Shortly after I moved to upstate New Jersey in 2018 for work, my Dad flew out from the west coast to visit. He hadn’t been to the greater New York City metropolitan area in literally 20 years, when my family took one of those ill-advised, National-Lampoon-style drives-across-America in a cramped Ford Taurus sedan to see various Church and National historical sights across our great land the summer of ’98.
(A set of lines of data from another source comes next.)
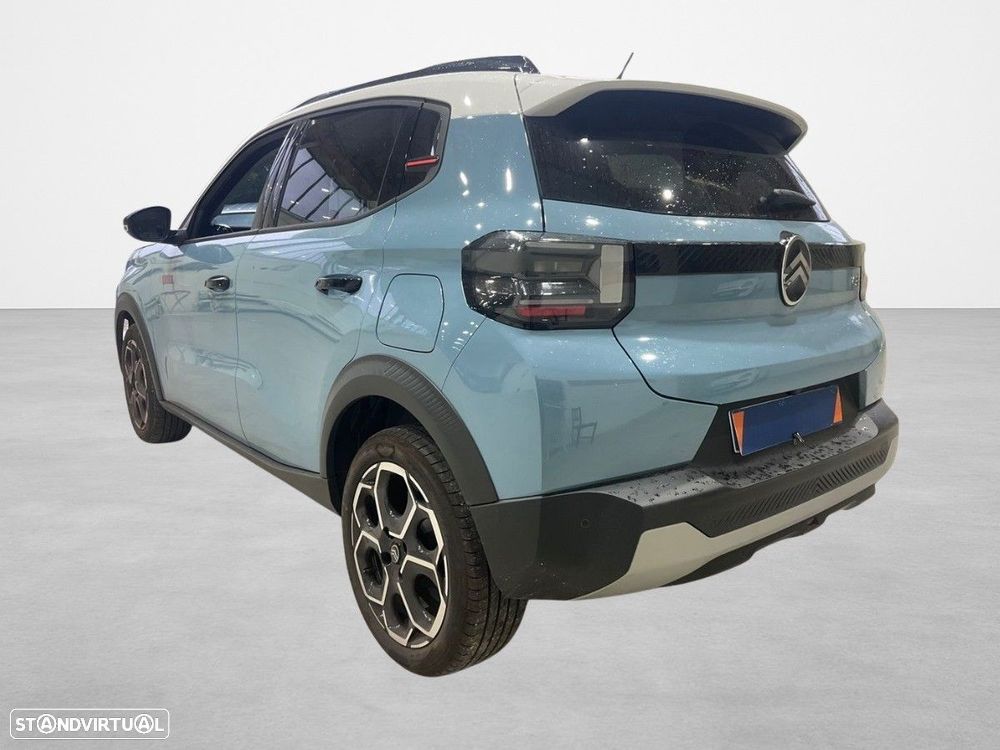 Citroën C3 1.2 Turbo Max - 5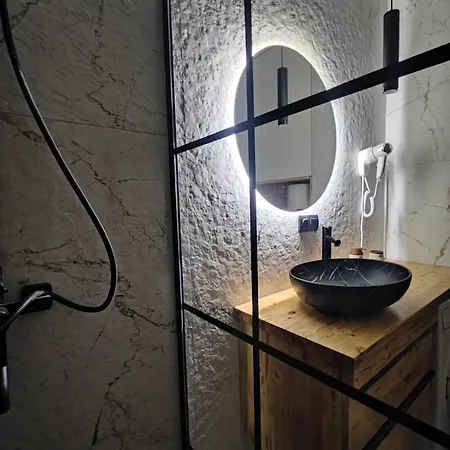 W Bartoszycach Apartment *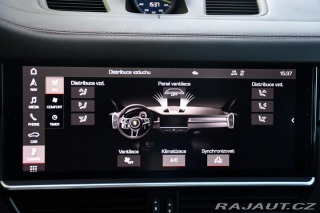 Porsche Cayenne 3.0E-Hybrid CHRONO PHEV T 2021
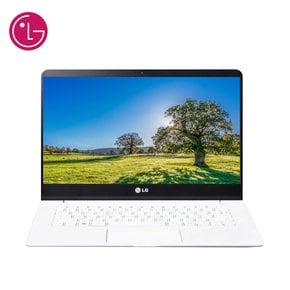 [리퍼] 메모리+SSD더블업 LG 그램 Gram 노트북 14Z960[I3 6세대  14형 FullHD IPS 윈10]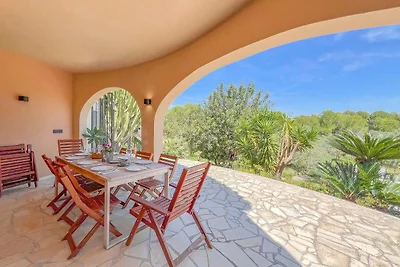 Landhaus La Sella  Denia mit Pool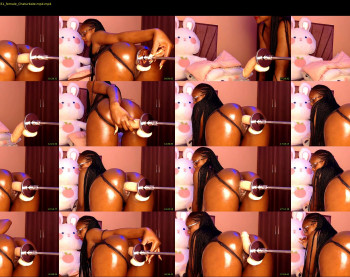 sugarmirie — 42 minute Chaturbate female cam show recording, 720p, Jan 19, 2023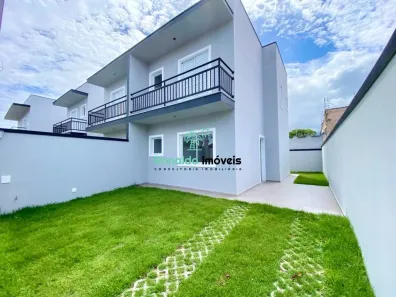 Sobrado com 2 Quartos à venda, 88m² no Centro, Bertioga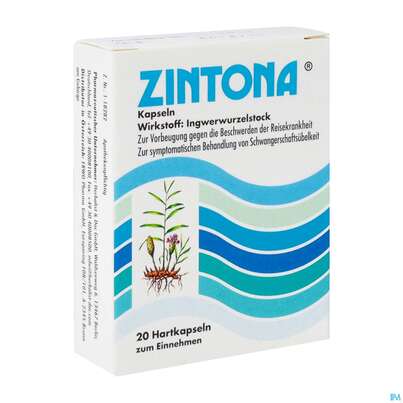 ZINTONA KPS 20ST, A-Nr.: 1041047 - 02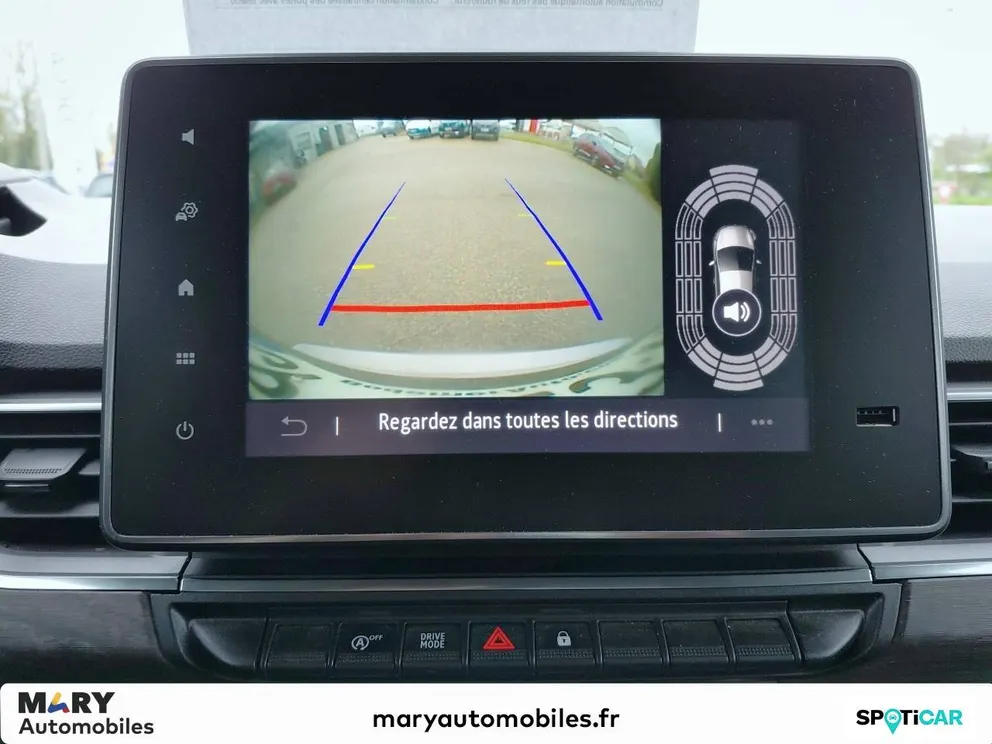 Véhicule occasion 229334 - renault KANGOO - Photo 19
Although I dare say I’ve become a slightly more experienced traveler since then and can better appreciate my parents’ efforts now, my main take-aways at the time were of us driving past endless cornfields, eating turkey sandwiches from a cooler every lunch for a month straight, listening to a garbage-sack full of cassette-tapes, playing the same 6 CDs over and over on my headphones, and me being an awkward, self-conscious teenager in a wide new variety of contexts.
Like New York! For some reason, we only budgeted one whole day in the Big Apple–you know, the single most densely populated, cosmopolitan, and landmark-heavy city in America–where all we managed to accomplish was get lost on the subway, snap pictures in front of the Statue of Liberty, and wait an hour in the muggy July heat to ride the elevator up the Empire State Building. When my parents asked if I’d also like to the see the World Trade Towers “since they’re even taller”, I wearily responded, “Maybe next trip.”
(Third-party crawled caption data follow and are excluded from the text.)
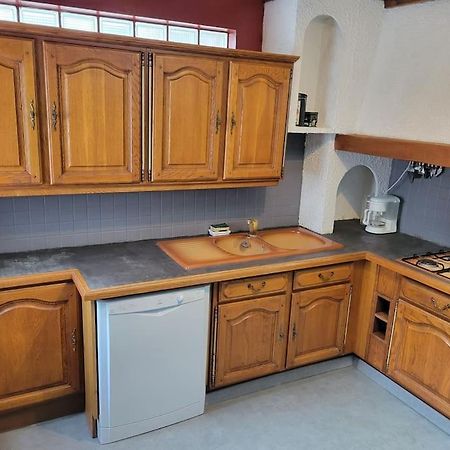 Maisonnette Berckoise Luaran gambar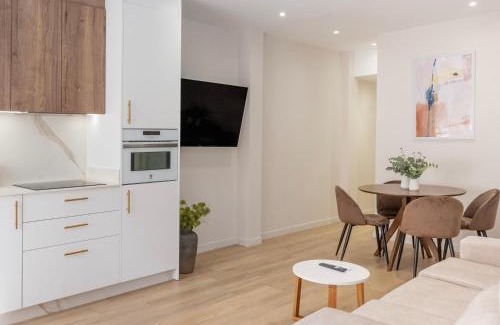 Enguera Apartment | La Barrereta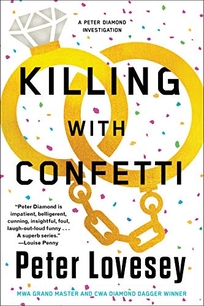 Killing with Confetti: A Peter Diamond Investigation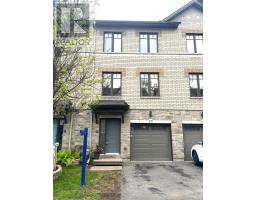 118 BRILIA PRIVATE, ottawa, Ontario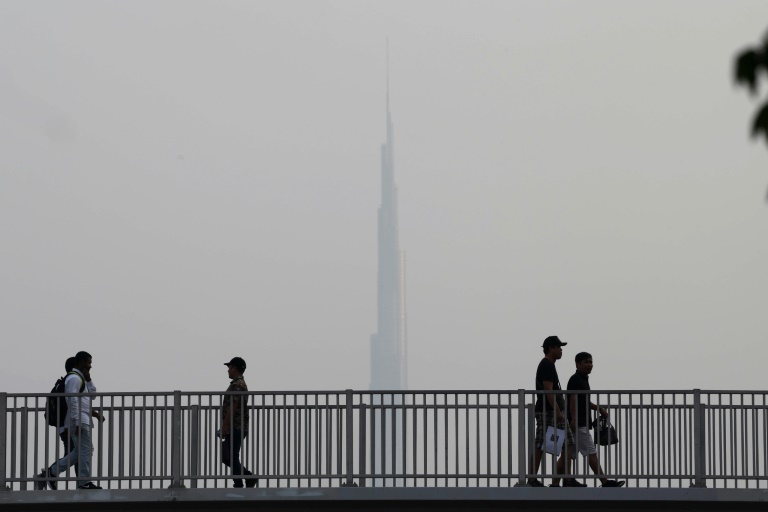  Why Gulf summer feels even hotter than usual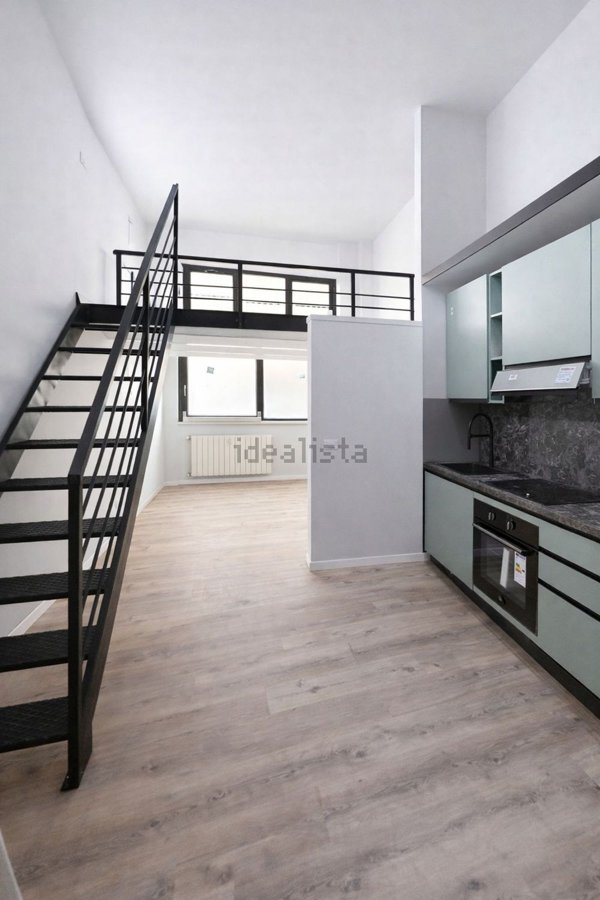 appartamento in affitto a San Giuliano Milanese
And indeed, when the second plane hit the North Tower only 3 short years later, the dumbest thought that passed through my shell-shocked mind that Tuesday morning was, “I, uh, guess we should’ve gone up the Trade Towers that one time…”[1]Gather ye rosebuds while ye may and so forth.
Hence my Dad’s return to the Northeast for the first time since the Clinton Administration seemed as good a time as any to at long last pay our respects to the victims of the World Trade Tower attacks. I booked us all tickets to the 9/11 Museum & Memorial and drove us up to Manhattan–me, my Dad, my wife, and our 5-month-old baby boy.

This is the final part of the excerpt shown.